> Problem requirements
Could you transcribe all of the data exactly and skip any pictures?
-------- Exercise data
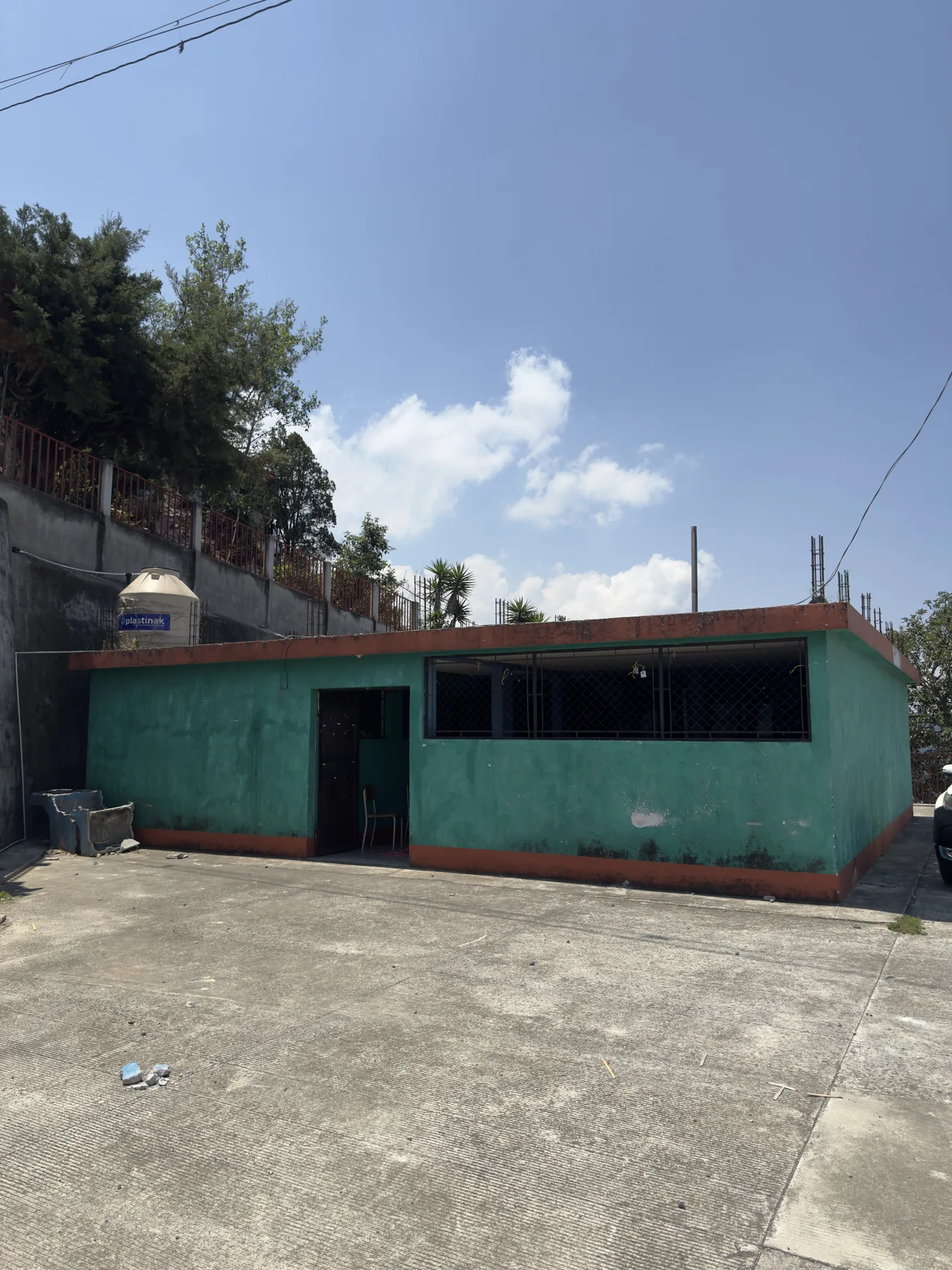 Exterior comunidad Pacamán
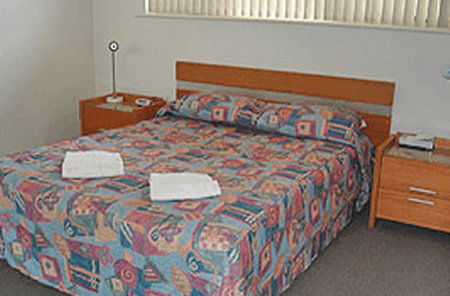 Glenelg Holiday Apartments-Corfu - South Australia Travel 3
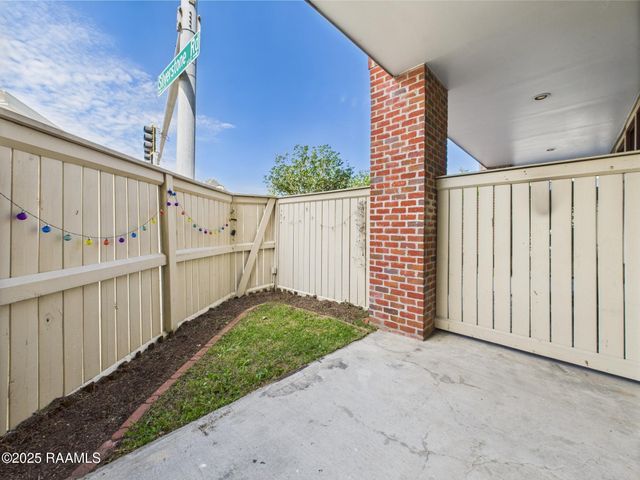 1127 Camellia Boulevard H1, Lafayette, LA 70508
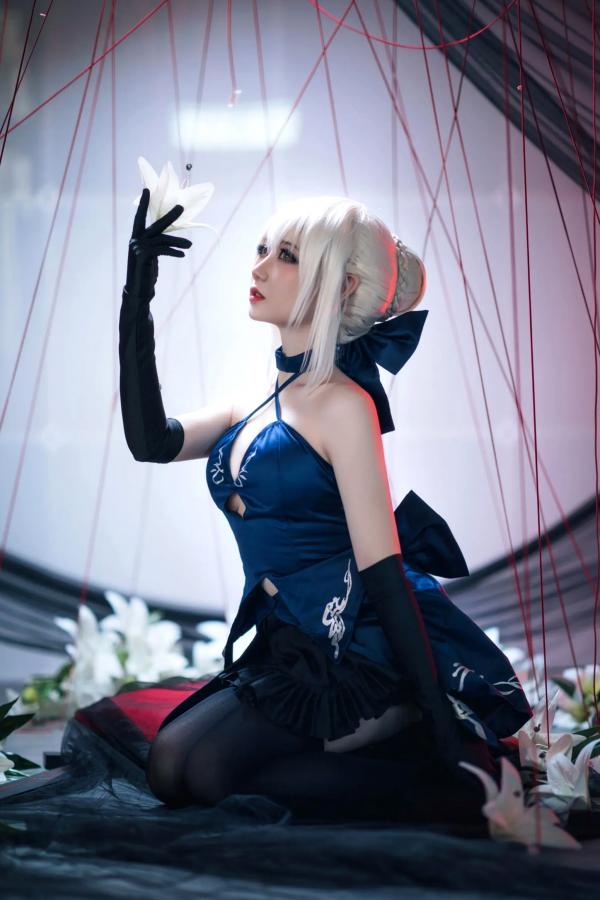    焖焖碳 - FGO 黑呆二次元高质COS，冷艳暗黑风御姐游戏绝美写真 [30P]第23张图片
----------------
> Task answer
 Exterior comunidad Pacamán
 Glenelg Holiday Apartments-Corfu - South Australia Travel 3
 1127 Camellia Boulevard H1, Lafayette, LA 70508
    焖焖碳 - FGO 黑呆二次元高质COS，冷艳暗黑风御姐游戏绝美写真 [30P]第23张图片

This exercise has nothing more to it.